De este modo, el capital monetario «caliente» que busca aplicación, si hacemos la comparación con la crisis asiática de 1997/98, fluye ahora en la dirección contraria. Pero la base de la economía real de los «emerging markets» empeoró dramáticamente con la contracción de la actividad económica de los EE.UU. Corea del Sur es un buen ejemplo de lo absurdo de esta situación: allí, el año pasado, las inversiones externas directas retrocedieron casi el 25%, mientras el flujo para acciones y préstamos crecía en escala casi equivalente. Se observa aquí algún desajuste (o al menos indicios de que éste existe). Esta vez es cierto que la crisis de la economía real va a tener muchas más dificultades para obtener una compensación en el capital financiero. Si el nivel de la actividad económica estadounidense no despega de nuevo a tiempo, las exportaciones del conjunto de los países deudores, en Asia, América Latina o cualquier otro lugar, se vendrán abajo; la consecuencia serán nuevas crisis financieras y monetarias. Todos estos países están amenazados de acabar tarde o temprano en la insolvencia, como sucede con Argentina, que al final de cuentas no es ningún caso excepcional. ¿Qué sucederá? Una posibilidad: las deudas, que se volverán insostenibles, serán algún día necesariamente anuladas (no sólo suspendidas por una moratoria), tal como el legislador Solón lo decretó en la antigua Atenas. Entonces los acreedores serán expropiados y el maravilloso dinero de los préstamos estará de pronto tan poco disponible «por ahí» como el dinero representado por los valores ficticios de las acciones después de la caída de las cotizaciones. Esta expropiación, sin embargo, no amenaza sólo a unos pocos grandes capitalistas financieros, sino también a millones de pequeños inversores, ahorristas, jubilados, etc. Son grandes sectores (sobre todo en Occidente) de población a los que hoy sólo les queda elegir de qué manera se hundirán hasta el fondo del pozo: si como deudores o como acreedores, porque directa o indirectamente son ambas cosas a la vez. A diferencia de la Atenas de Solón, después de un desendeudamiento no proseguirá la vida normal; son los fundamentos mismos del orden social los que de este modo se pondrían en cuestión. Ésa es la principal razón de por qué se puede hablar tan poco de la anulación de las deudas actuales: sería exponerse demasiado.

Fachada de normalidad

O entonces –y ésta es otra posibilidad– la exigencia a los deudores se cumple sin piedad: en este caso, para que sean cubiertos los costos, tendrán que ser extraídos de la población de los países deudores. Esta extracción será tanto más profunda cuanto menores sean las posibilidades de renegociación a través de las instituciones financieras internacionales.

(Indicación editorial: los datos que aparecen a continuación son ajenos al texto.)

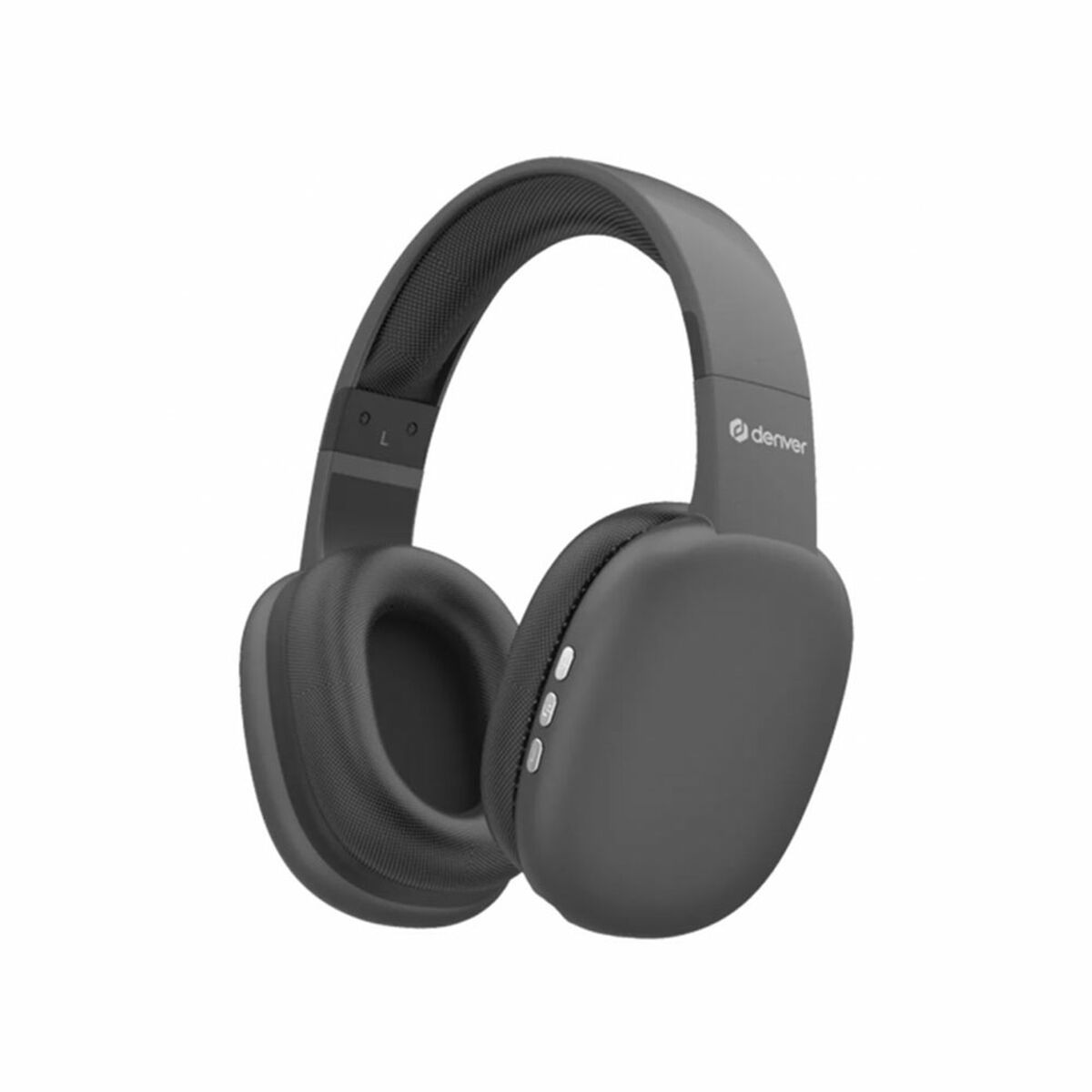 Auriculares Denver Electronics BTH252 Bluetooth Negro - Effik Store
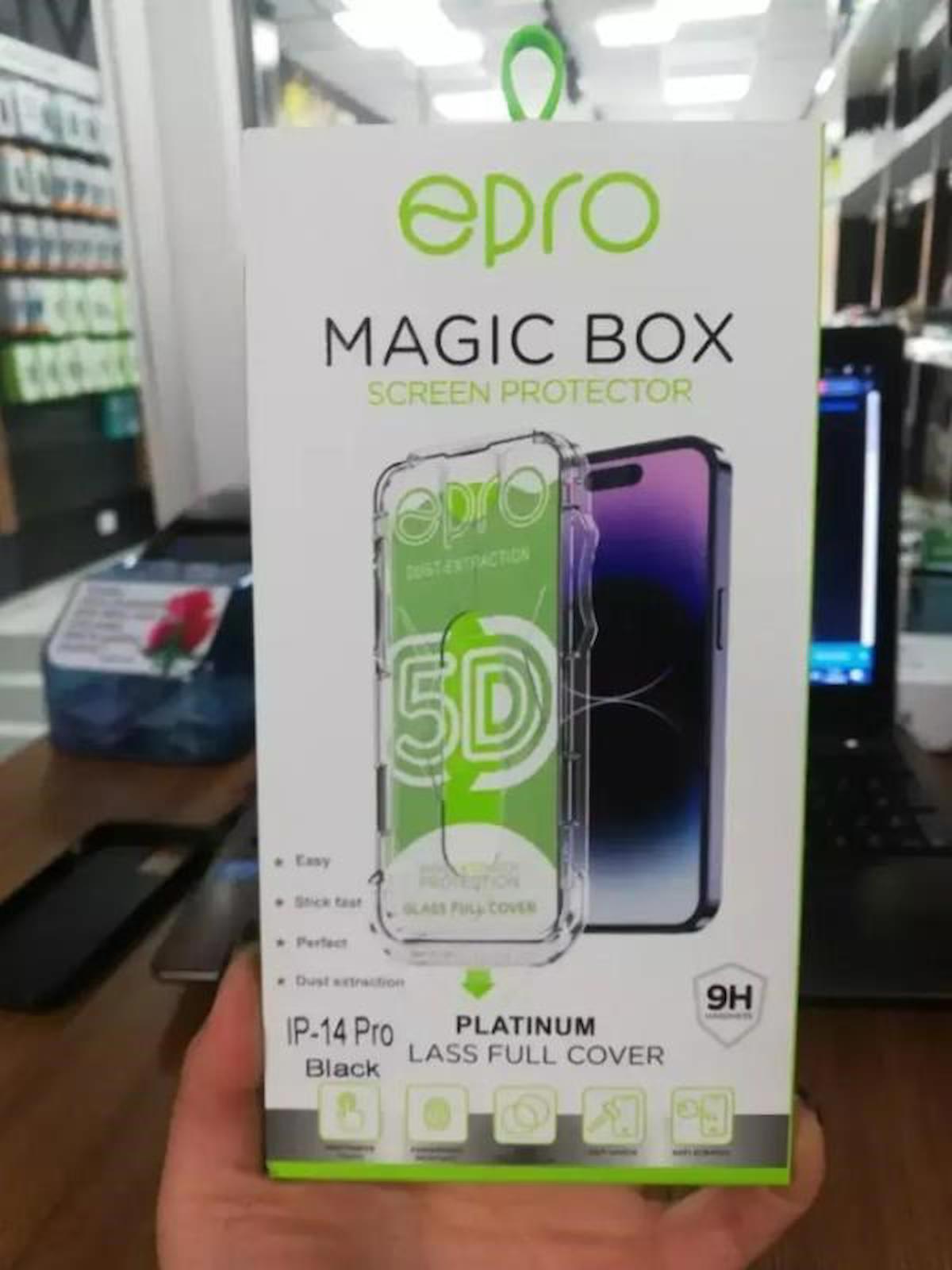 Epro Apple iPhone 14 Pro Max Nano Cam Parlak Ekran Koruyucu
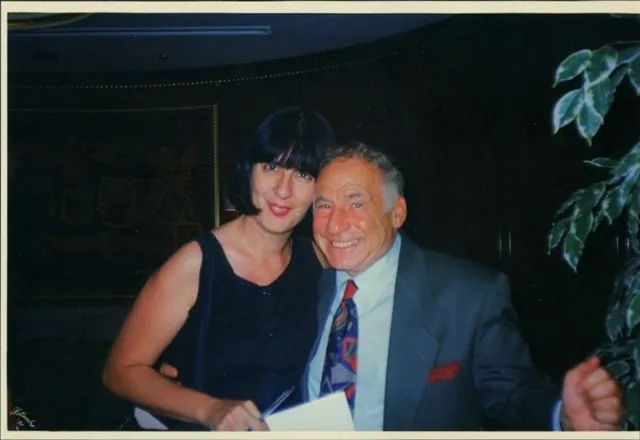 Comedian and filmmaker Mel Brooks.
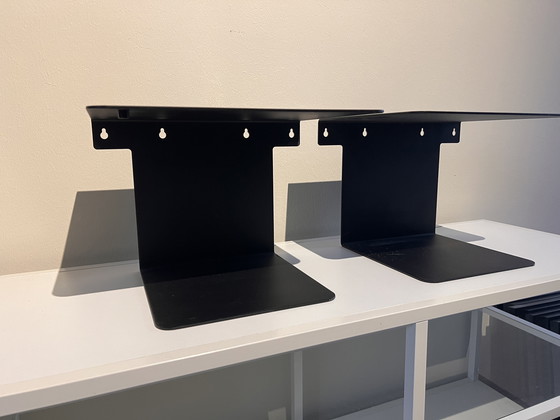 Image 1 of Médecin de maison muurtafel zwart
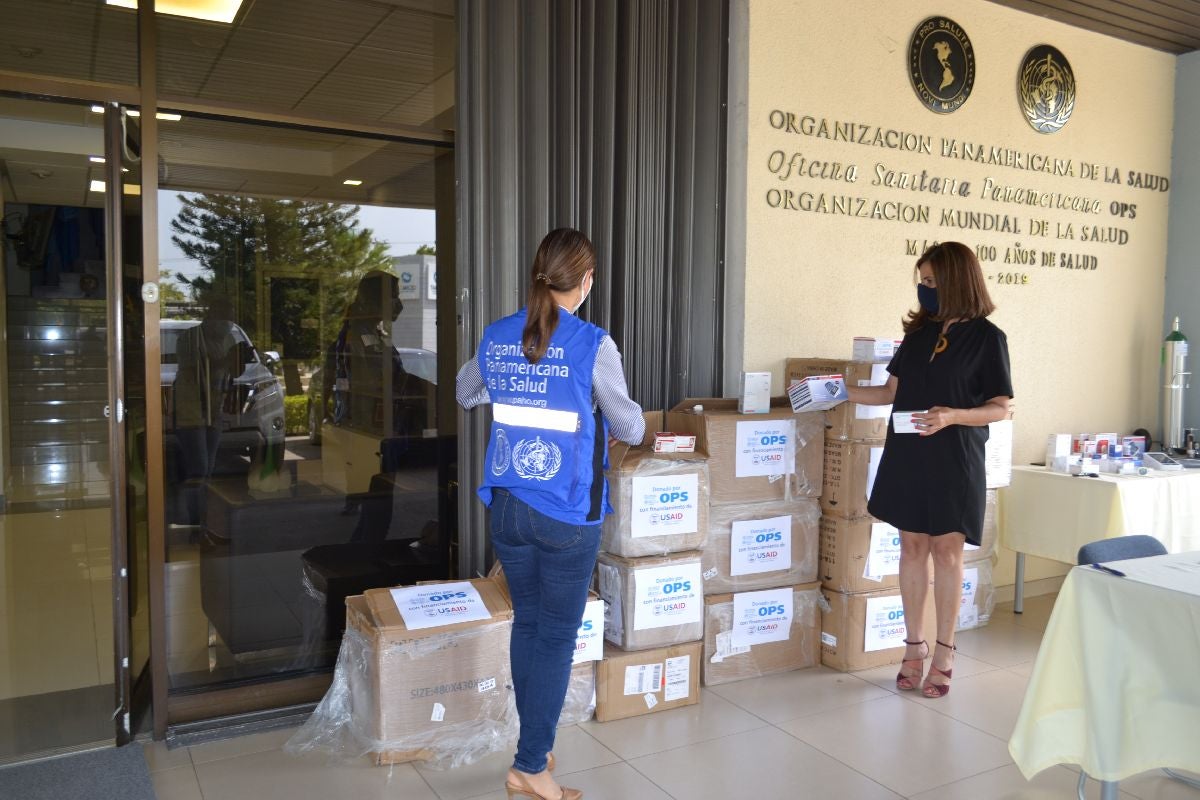 Entrega de suministros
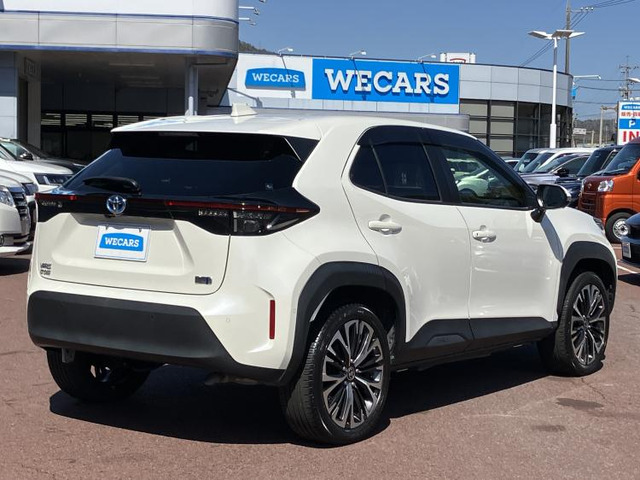 ヤリスクロス1.5 ハイブリッド Z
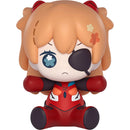 Good Smile Company Rebuild of Evangelion Huggy Good Smile Asuka Shikinami Langley Eye Patch Version Figurine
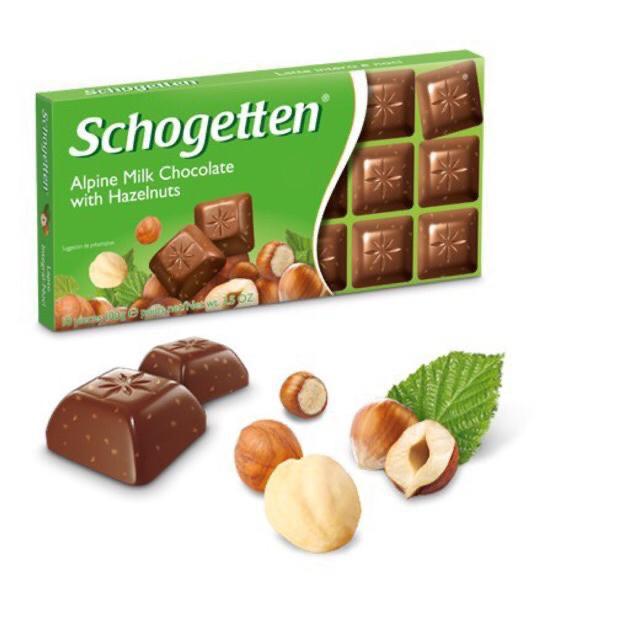 Socola Schogetten thanh 100g - Socola của Đức - Germany Snack Thức Ăn Sô Cô La Chocolate 7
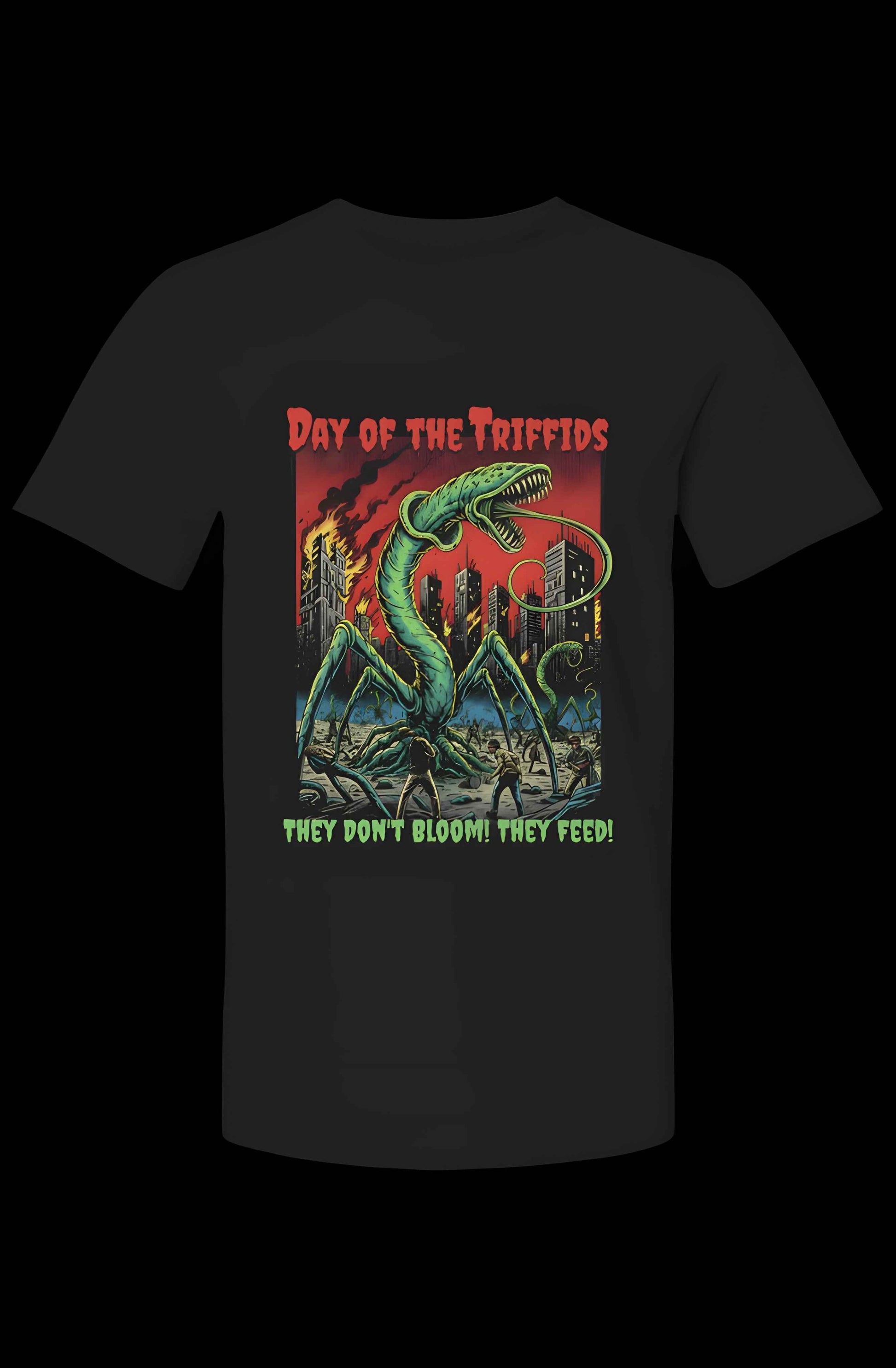 Day Of The Triffids T-shirt
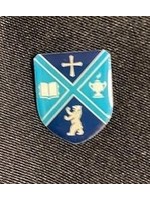 BJU Shield Lapel Pin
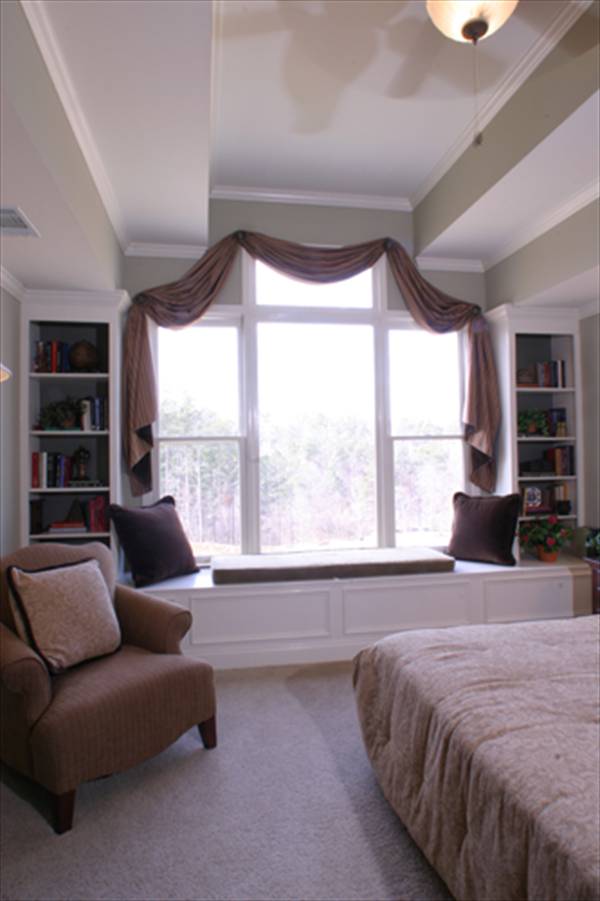 Master Bedroom Window Seat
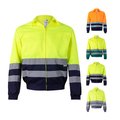 Chaqueta de sarga con cintura elástica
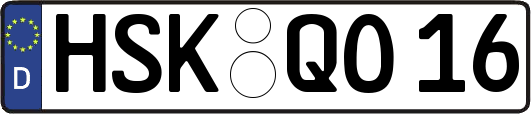 HSK-QO16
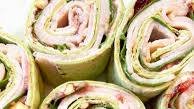 Cranberry Turkey Pinwheels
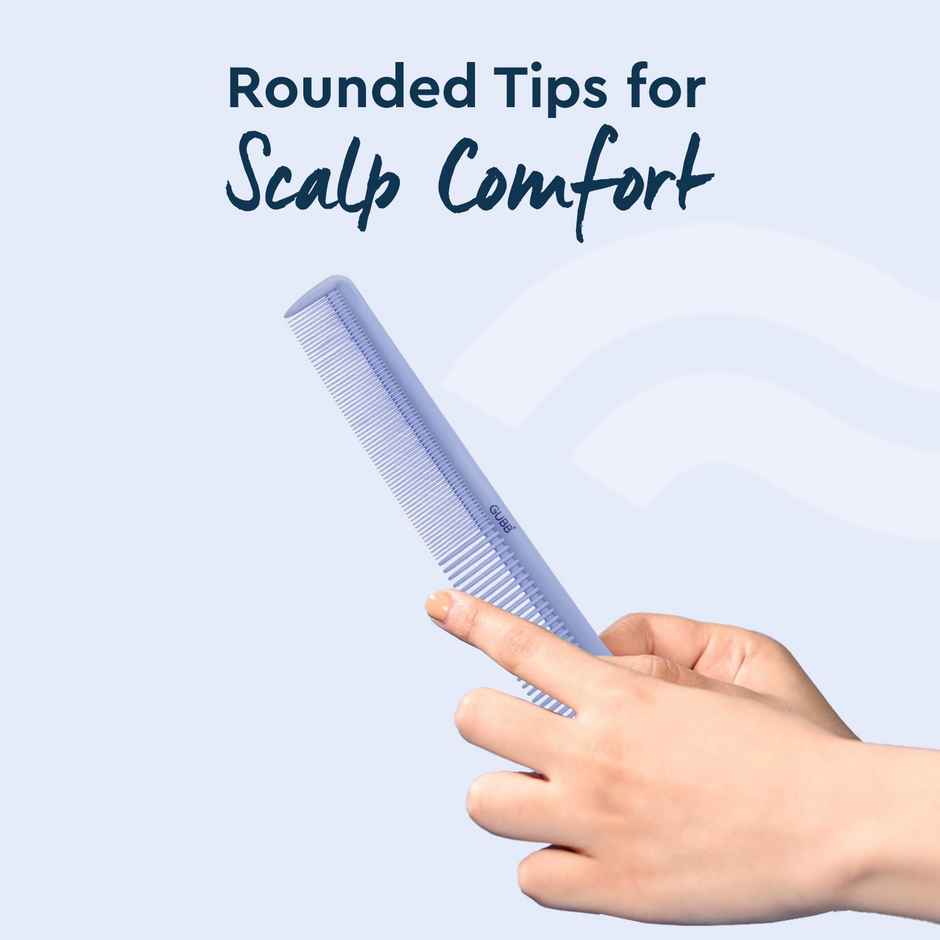 GUBB Styling Large Hair Comb | Santorini Hues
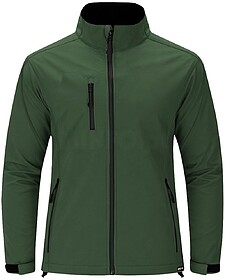 Casaco Grifter Tripla Camada. Exterior: Soft Shell, 94% Poli...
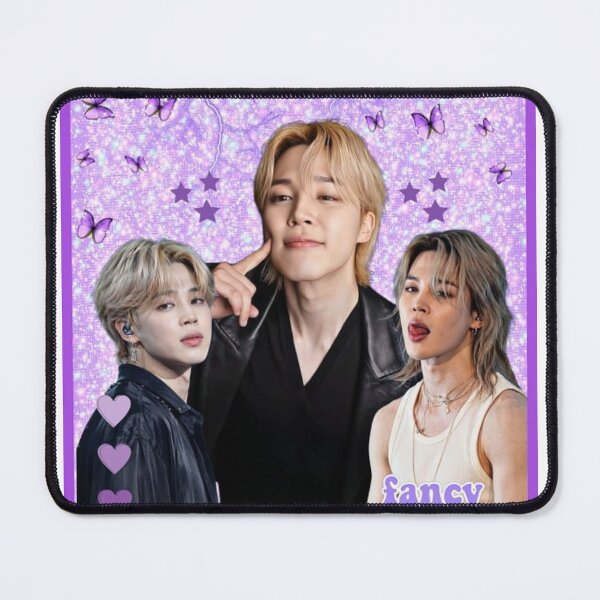 Item preview, K-Pop Inspired Collection - Purple JIMINI designed and sold by astraepetals.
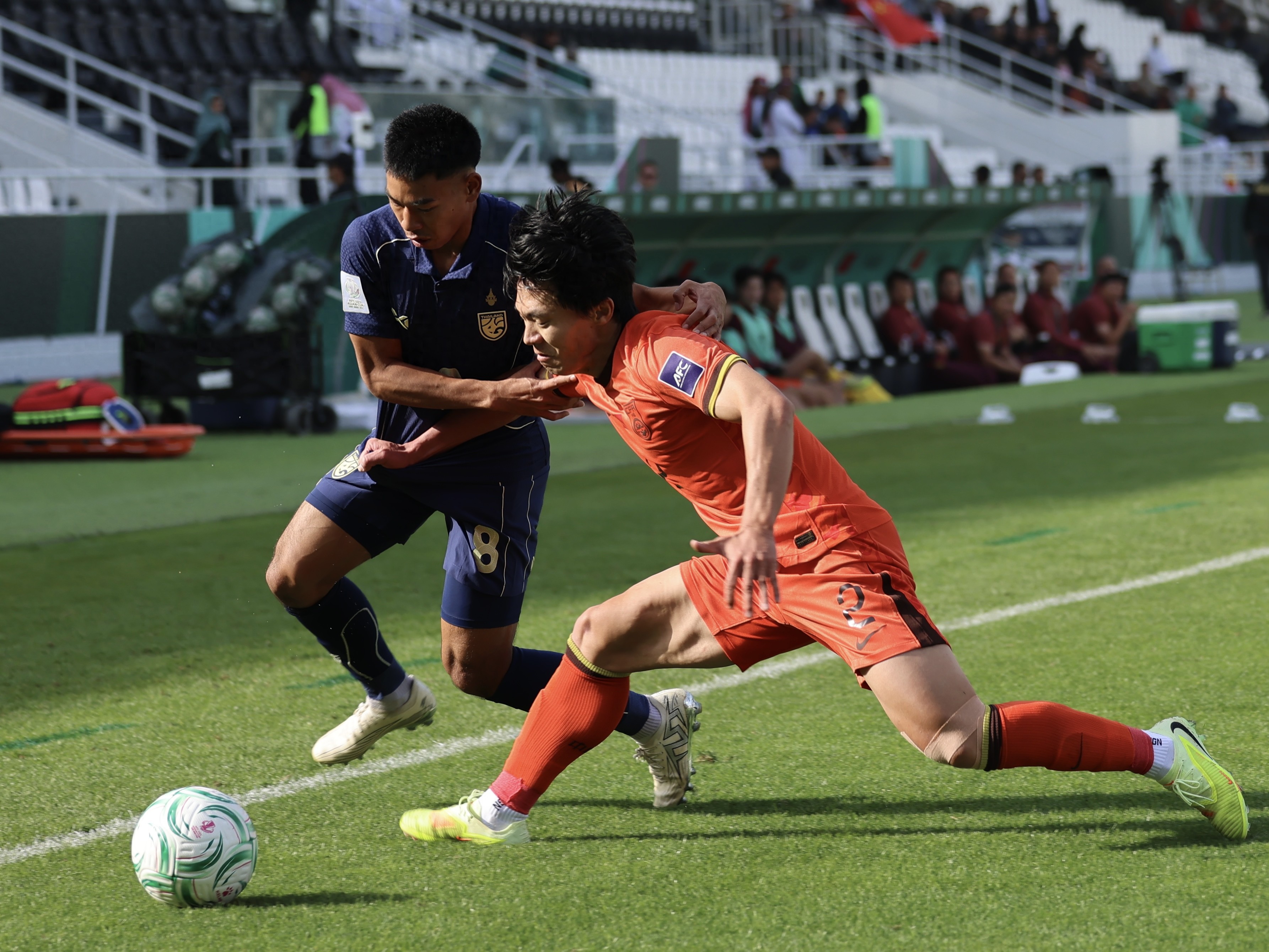 亚足联u23锦标赛_U23国足历史性突破_2026年亚足联U23亚洲杯小组赛晋级八强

Ya en las crisis que se sucedieron hasta hoy en Asia, México, Rusia, Turquía, etc., la fachada de normalidad capitalista-financiera sólo se pudo volver a levantar a costa de millones de personas que vieron estancarse su existencia social. El caso de Argentina parece trazar una nueva configuración de esas amargas consecuencias: en principio, vastos sectores de la población tendrían que dejar de comer y beber durante algunos meses para que las exigencias de los acreedores quedaran satisfechas. La situación amenaza con volverse incontrolable: o el capital financiero capitula, o se inicia una catástrofe social como nunca se ha visto. Argentina es un precedente para el desarrollo global de los próximos años.